Instructions for the task: Write out the data below in full, unchanged, minus the images.

Supplied material:
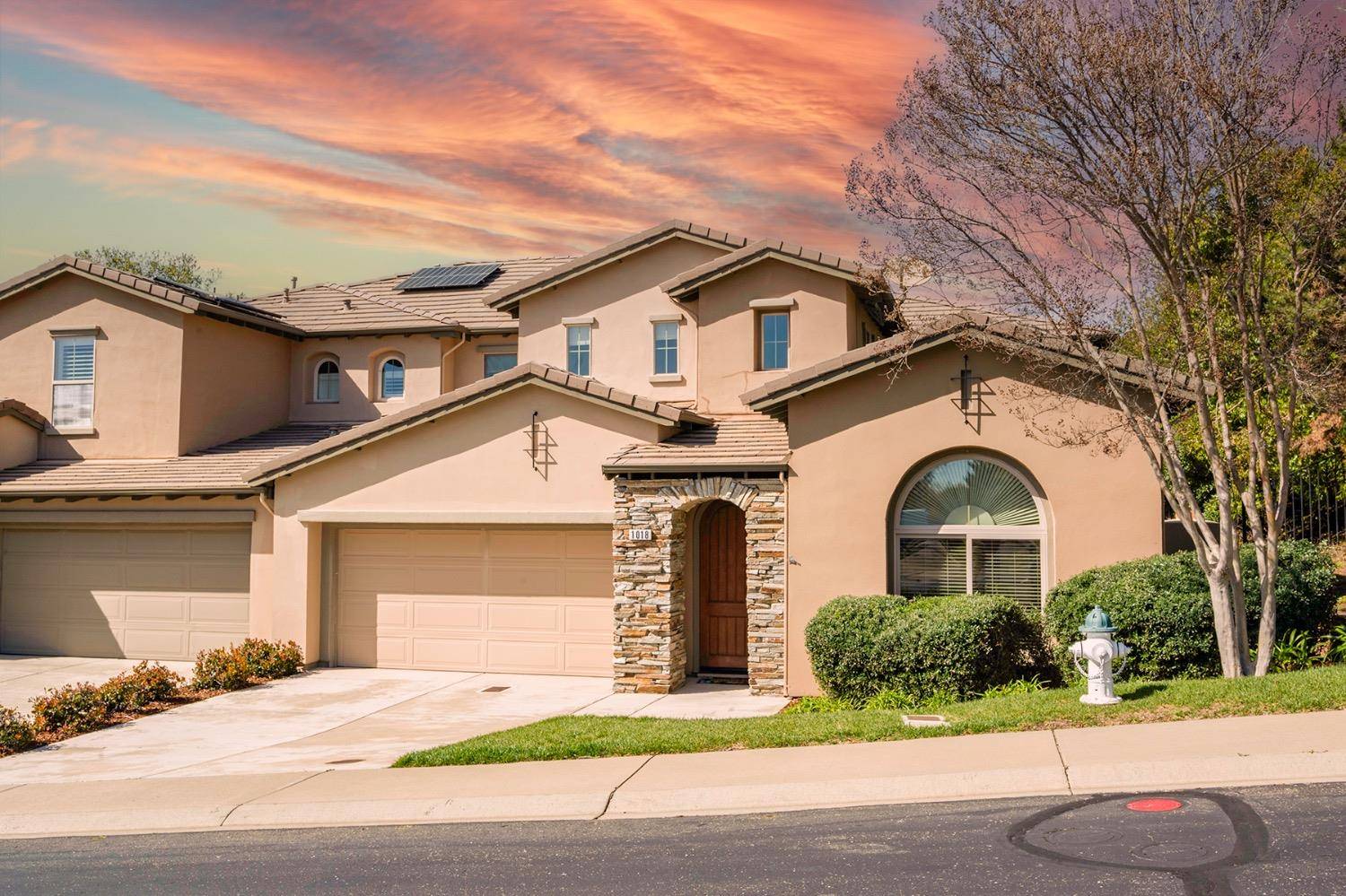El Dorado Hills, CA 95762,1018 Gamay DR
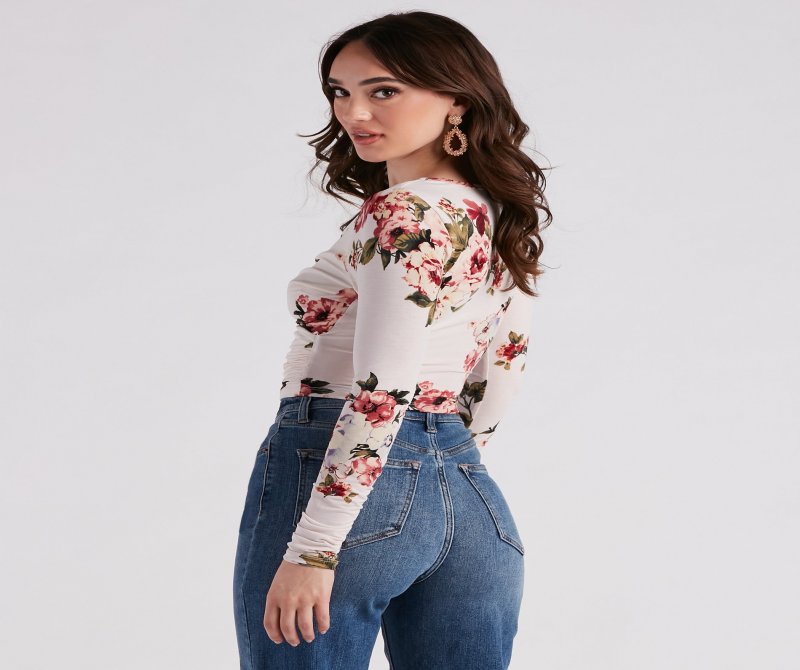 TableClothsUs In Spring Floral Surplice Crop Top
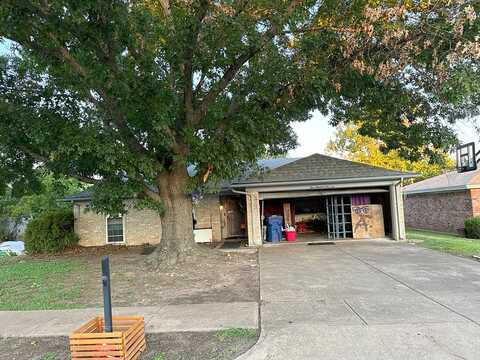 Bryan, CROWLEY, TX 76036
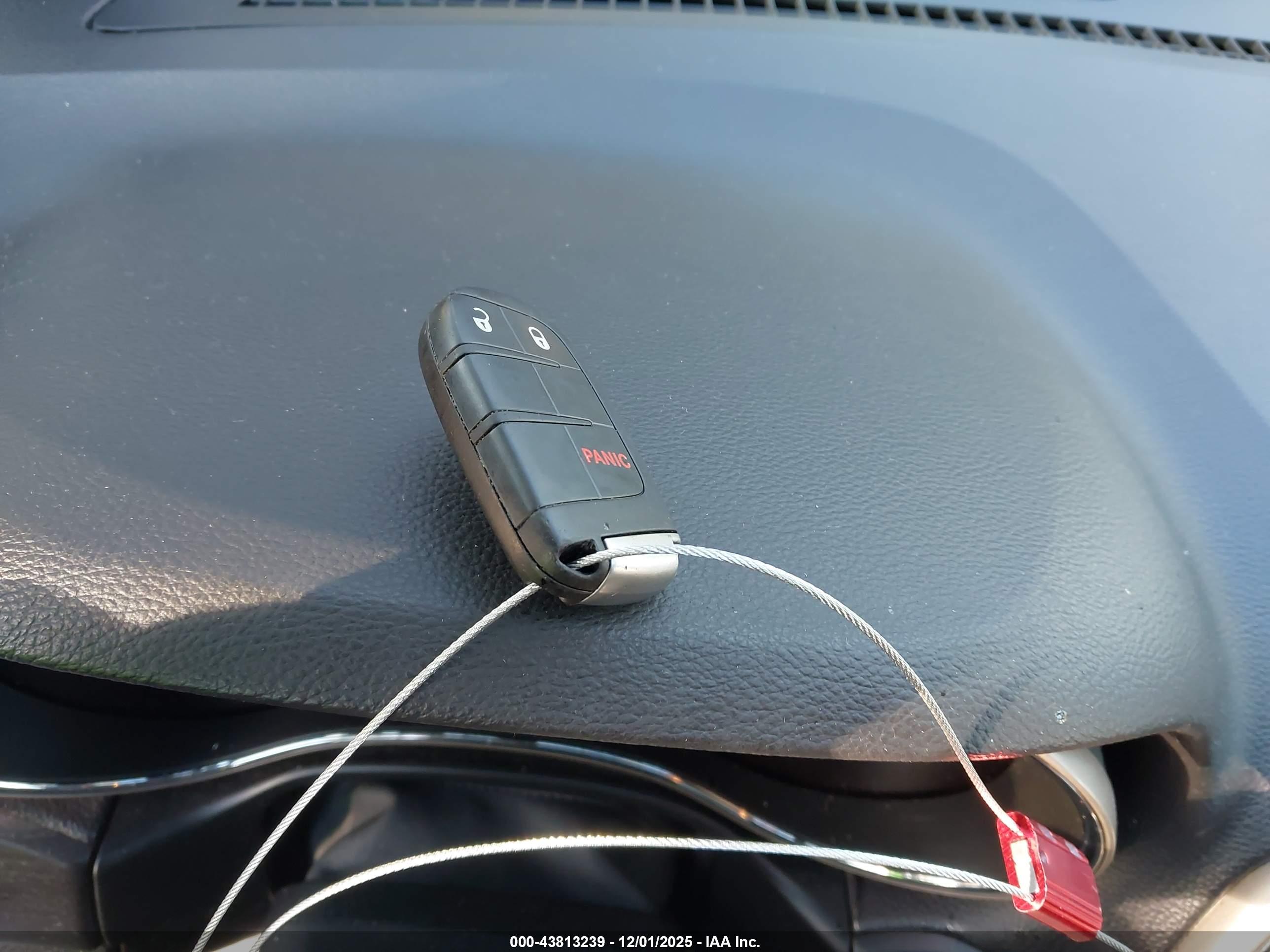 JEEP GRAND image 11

Task answer:
El Dorado Hills, CA 95762,1018 Gamay DR
 TableClothsUs In Spring Floral Surplice Crop Top
 Bryan, CROWLEY, TX 76036
 JEEP GRAND image 11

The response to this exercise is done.